May 22, 2013

Cleaning OCR’d text with Regular Expressions

    Reviewed by Fred Gibbs
    Recommended for Intermediate Users

Optical Character Recognition (OCR)—the conversion of scanned images to machine-encoded text—has proven a godsend for historical research. This process allows texts to be searchable on one hand and more easily parsed and mined on the other. But we’ve all noticed that the OCR for historic texts is far from perfect. Old type faces and formats make for unique OCR. Take for example, this page from the Congressional Directory from the 50th Congress (1887).
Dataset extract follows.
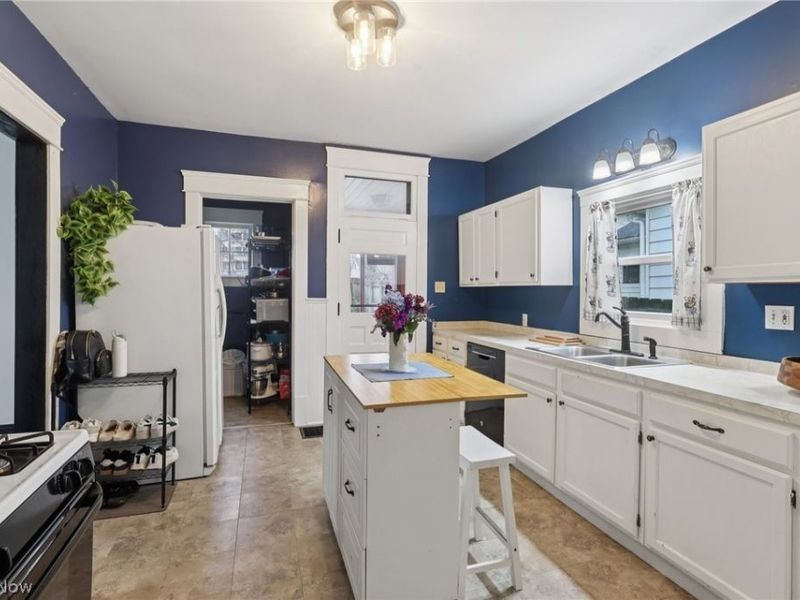 246 S Walnut Street, Ravenna, OH 44266 Photo 6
The PDF scan downloaded from HeinOnline looks organized:

This is a screenshot of the PDF page.

This is a screenshot of the PDF page.

However, the OCR layer (downloaded as a text file*) shows that the machine-encoded text is not nearly as neat:

This is a screenshot of the OCR.

This is a screenshot of the OCR.

Note: If you do not have the option to download a text file, you can use the pdfminer module to extract text from the pdf.

Since I want to use this to map the Washington residences for Members of these late 19th-century Congresses, how might I make this data more useable?

The answer is Regular Expressions or “regex.” Here’s what regex did for me. Though this is not a “real” CSV file (the commas are not quite right), it can be easily viewed in Excel and prepped for geocoding. Much better than the text file from above, right?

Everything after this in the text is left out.